Holding Hands

As we walked the neighbor’s dog the other day, something happened that changed my day entirely. I had worn flip-flops as we left the house, not expecting to walk a mile with the dog or the children. But as we drove towards Home Depot (where they know us by name at this point), the children remembered they needed to feed and water Digby, so we stopped at our neighbor’s house. No problem, I thought, I can sit in the car while they complete their chores. They had failed to mention a walk was part of the deal.

So off we went around the circle. About half-way through the first loop, the youngest sighed and announced that having a dog is hard (she’s not much of a walker) and it would be easier if I carried her. I told her that wasn’t going to happen. She was hot, I was hot, and she is not as small as she used to be.

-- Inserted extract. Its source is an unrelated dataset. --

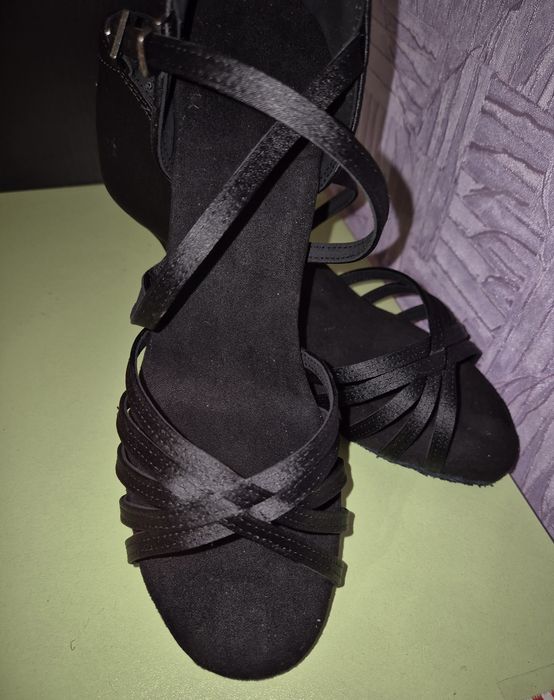 Продам НОВІ бальні туфлі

Another deep sigh from the seven year old.

Then, as if resigned to continuing our journey, she simply slipped her hand in mine.

As a parent, there is something very sweet when a child slips his or her hand in yours. All at once it gives you a feeling of pride and a sense of responsibility. She knew she was safe with me. She knew she could keep up if she stayed in step with dad. She knew she would not get lost, left behind, or left out if she simply held on.

As we walked, I wondered what went through her mind in the moments before she took my hand. We teach our children to hold our hands when they are very little and we are crossing the street. We teach our children to hold our hands in the store when the crowds are overwhelming. Though they fight about it, squeeze one another’s hands too hard, and generally annoy one another we hold hands when we pray at Mass. Sometimes on movie nights, when the movie is scary and the characters on the screen face the unknown, we hold hands. Somehow, the act of touching someone makes the unknown more bearable.

Do you remember the first time you held the hand of someone you loved as an adult? That moment there was a connection, a spark, a nervous calm as you realized you were falling in love?

It still overwhelms me sometimes to think about how much responsibility comes with raising children. Inside, I am still a child wishing I could hold the hand of my father or mother.

I know that the day is coming when the hands of my children will grow too big to hold. The day will come when they will reach for someone else’s hand to make them feel safe.

For now, however, I will hold on. I will protect them. I will guide them safely across the busy streets. And I will cherish the moments when they slip their hands in mine and, despite all my faults, trust that I will walk them home.

A Very Good Day

 

The first Father’s Day in our new home started with the family going to Mass together, breakfast at a local diner, and then for a short drive up the road – but it was Spirit led all the way.

The new issue of Time magazine arrived on Saturday and when child number three saw the list of names of those killed in Orlando, the questions started. “Why did they die?” (The same question is posed by the magazine itself.) “Who killed them?” “Why would he do that?” “Why do people shoot people?” “What’s a nightclub?”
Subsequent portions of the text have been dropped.